Back when Utah had a governor who thought global warming existed, and who also though we might need to take significant steps regarding our air pollution, the state funded a study by Synapse Energy Economics, Inc, with the help of the Harvard School of Public Health. It estimated, predictably, that each year over 2 billion dollars in health and water costs are wasted, and approximately 200 lives lost due to coal plant power production in Utah. Not to mention that other “externality” to coal power, global warming.
Wow! Our state funded study showed us that that nasty air we see every winter is bad for us? It’s time for us all to come out for energy efficiency and renewable energy power generation, right? Say farewell to King Coal right Governor Herbert?
Of course not, this is Utah, and what happened next was also as predictable as it is sad.
According to a report at KSL.com, the state “sidetracked (the study) and refused to vouch for it — after it ran into a wall of opposition from industry.”
The study figured $8 million per death, using long established statistical methods.
Clean energy advocate Arthur Morris was at a state meeting where industry representatives denounced the study.

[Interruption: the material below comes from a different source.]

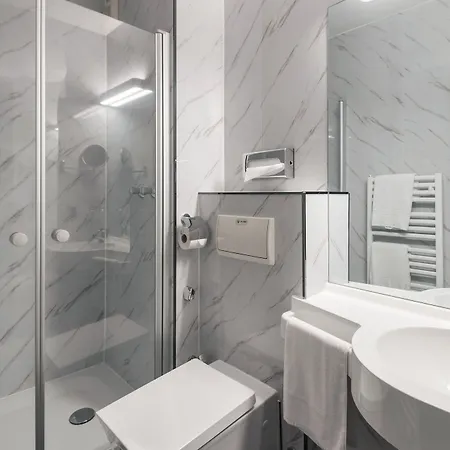 Hotel Belmont Classic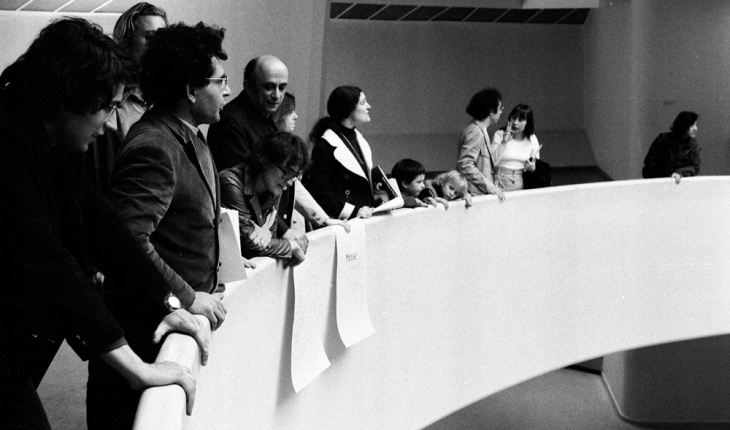 Irving Petling, Lucy Lippard, Leon Golub, and Cindy Nemser join Hans Haacke’s demonstration protesting art censorship at the Guggenheim Museum, New York City, 1 May 1971. Photograph by Jan van Raay.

“Kind of went crazy,” Morris said. “It was a little bit surprising to me that they were so incensed by valuing people too much.”
“Anything that would increase energy costs gets our attention,” said attorney Jim Holtkamp, air quality chairman for Utah Manufacturers.
Of course, no one seems to have quibbled with the 202 lives lost, just how much dollar value was placed upon them. Which, makes some sense, I suppose, when all you really care about is the bottom line.
Supposedly “public meetings” were held when the study came out a few months ago. Check out Rocky Mountain Power’s statement to KSL about their meeting:
We disagree with the study’s conclusions. Rocky Mountain Power participated in an initial review of the published study along with a broad group of Utah business stakeholders including the Salt Lake Chamber of Commerce, Utah Manufacturers Association, Utah Association of Energy Users, Utah Industrial Energy Consumers, Utah Mining Association, Deseret Power and others. Together, we identified enough concerns with the assumptions used in the study’s analysis to determine that its results should not be relied on.
-Jeff Hymas, Rocky Mountain Power
Funny, I wonder why clean air advocates and “the public”, never heard about any meeting, and somehow all of the business stakeholders managed to get the news…
It’s time to choose clean air over dirty air, and make the state pay attention to this study and do something about it. The study not only shows the cost of the current path, but was designed to show the benefits of changing course. It estimated the cost of substituting energy efficiency and renewables for 1/3 of the least efficient coal plants and found:
To achieve even more dramatic co-benefits, if approximately one-third of Utah’s most inefficient and polluting coal generators are replaced with a rigorous energy efficiency program and either gas or renewable energy, externalities amounting to $70 – $79 could
be realized for each MWh of coal retired or displaced.5
Did I say cost, sorry I meant savings, as that number “exceeds the cost of most electrical generation.”
If anyone out there would like to participate in getting this study publicized and forcing the state to do something about it, feel free to attend this Thursday’s 6pm meeting of the Utah Physicians for a Healthy Environment (UPHE), at the University of Utah Orthopedic Hospitals’ 3rd floor conference room. All who care about Utah air quality are welcome, whether health care providers or not. I will summarize the meeting and action plan in a post after Thursday night.
I’m at work but can answer comments or questions about the meeting after 5 or tomorrow.
By the way, hello and thanks for having me, I’m a physician in Salt Lake, and I’d much prefer cleaner air!